La realidad imaginada ha permitido que muchísimos extraños puedan cooperar con éxito. Las religiones, las corporaciones, el mercado, los derechos humanos, el dinero, la justicia social, la libertad, el Estado, las marcas de coches o de hamburguesas solo existen en la imaginación. Son ficciones y no realidades objetivas como lo es un árbol, un río o un par de monedas. Esa capacidad unitaria, de “confianza” que ha tenido la ficción para ir más allá de los árboles o los ríos, de las cosas que realmente existen, hizo que el hombre y sus sociedades se extendiesen por el planeta y dominarlo. La llamada “revolución cognitiva” fue el principio de esa dominación y exponente de la agricultura, la revolución industrial y la tecnológica. Todas apoyadas en la idea del progreso, de la confianza en el crecimiento y en definitiva, en que las cosas pueden siempre mejorar, aunque haya que dejar mucho por el camino (animales, plantas, niños, guerras, ciudades, países, bosques y océanos).

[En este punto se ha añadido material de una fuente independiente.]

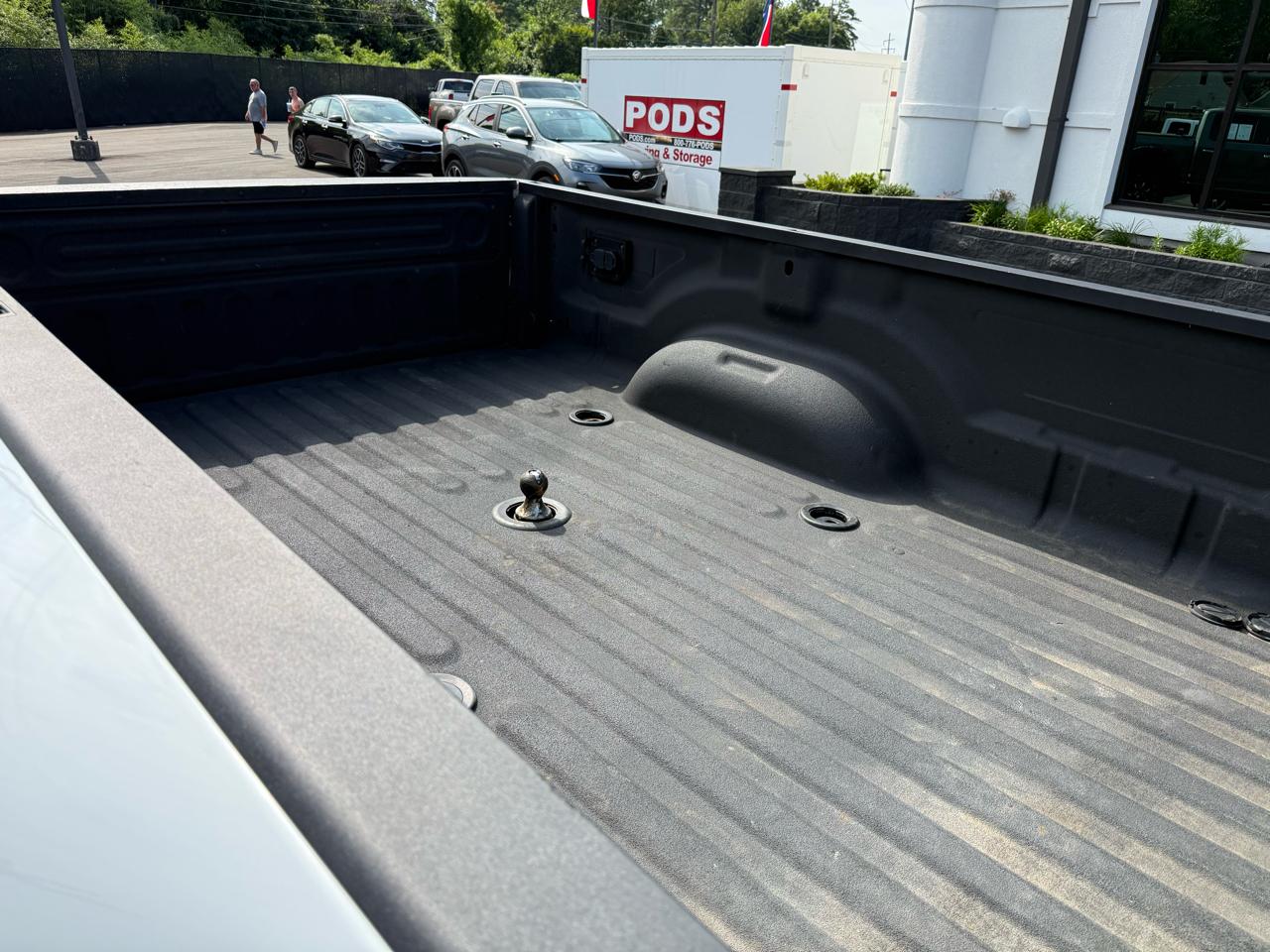 RAM 3500 Big Horn 4x4 Crew Cab 8' Box 2024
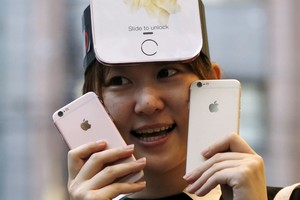 „Apple“ gerbėjai niršta: jų „iPhone“ be priežasties išsijungia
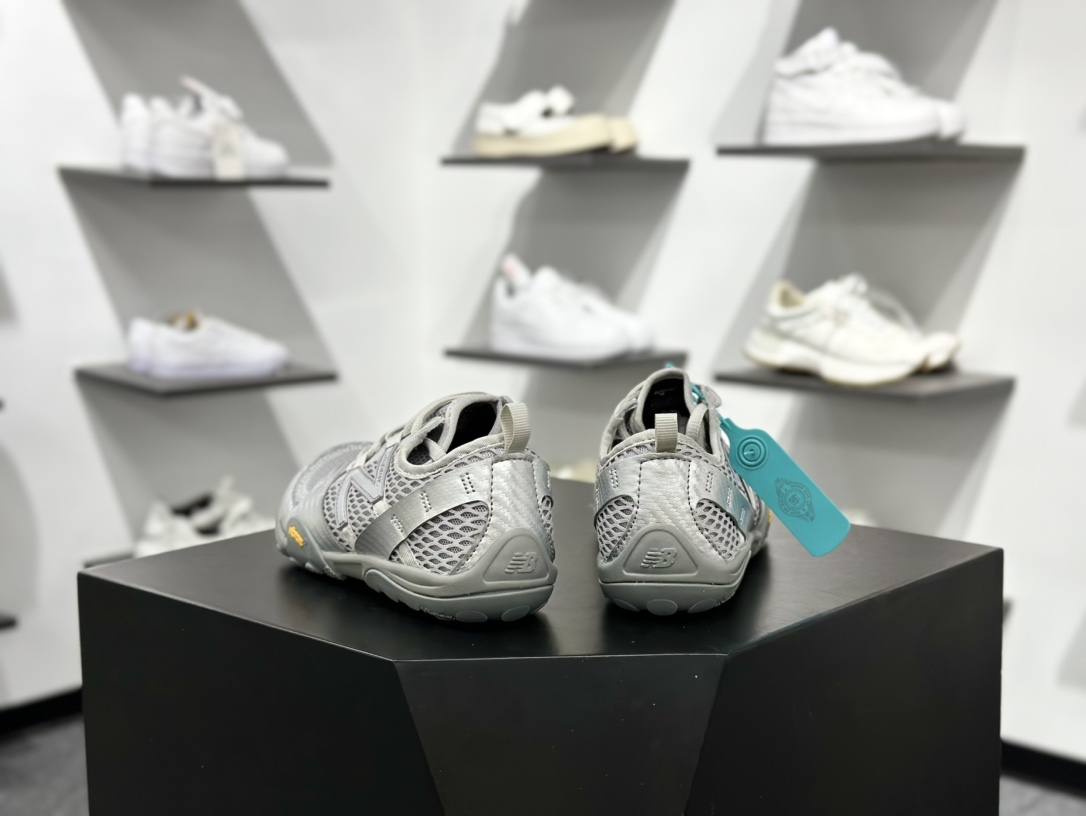 New Balance MT10系列 NB新百伦 薄底赤足鞋 实拍首发 防滑耐磨平衡轻便 低帮休闲城市通勤跑步鞋 MT100AB-4 New Balance MT10系列 NB新百伦 薄底赤足鞋 实拍首发 防滑耐磨平衡轻便 低帮休闲城市通勤跑步鞋 MT100AB-4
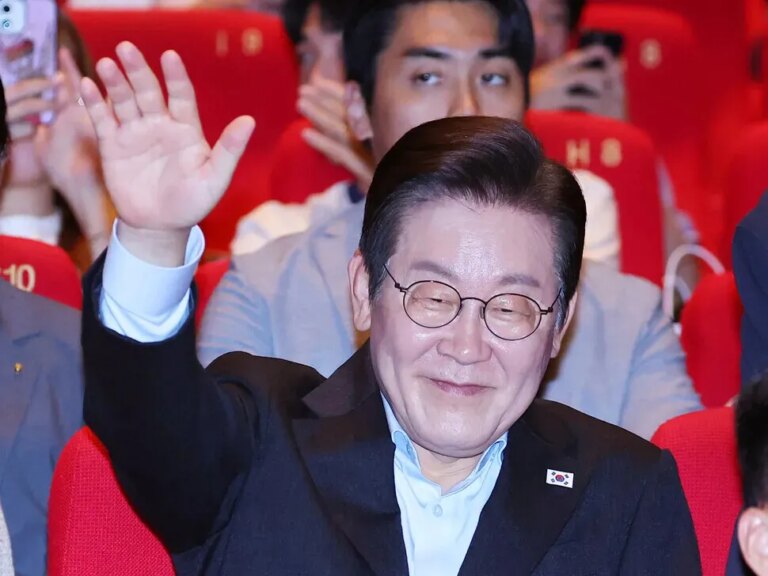 韩国总统李在明批“依赖外国军力”心态，强调自主国防重要性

Así, la realidad imaginada mantiene vivo el mito de que la “prosperidad” del capitalismo consiga minimizar las cotas de desigualdad e injusticia mundial que ella misma ha creado, pues salvo algunos intentos fallidos de cambiar las cosas, no ha existido en el mundo moderno otra manera de concebir la vida, las relaciones comerciales o la organización social. El futuro nadie lo sabe. Parece que las máquinas y la información que ellas tienen de nosotros acabarán incluso manipulando nuestros deseos. Las bicicletas de montaña, zapatillas de deporte, los billetes de avión o las habitaciones de hotel que invaden sin permiso nuestra pantalla del ordenador no son una casualidad.
De esto y otras cosas habla Yuval Noah Harari en su libro Sapiens, de animales a dioses, una breve historia de la humanidad (Debate). Un trabajo riguroso, sin redundancias, con un lenguaje claro y muy instructivo. Es el joven Harari, nacido en el 79, profesor de historia en la universidad Hebrea de Jerusalén, una fuente de reflexión e inspiración. Un libro necesario que despierta el interés para seguir preguntándonos hacia dónde vamos, cuál es nuestro fin, qué queremos realmente. Según Harari nos hemos convertido en dioses sin tener que “dar explicaciones a nadie” y “con solo las leyes de la física para acompañarnos”. Esto ha tenido sus consecuencias: un cierto desasosiego, el sentirse extraño, el deseo infinito. Y el profesor pregunta: “¿Hay algo más peligroso que unos dioses insatisfechos e irresponsables que no saben lo que quieren?”.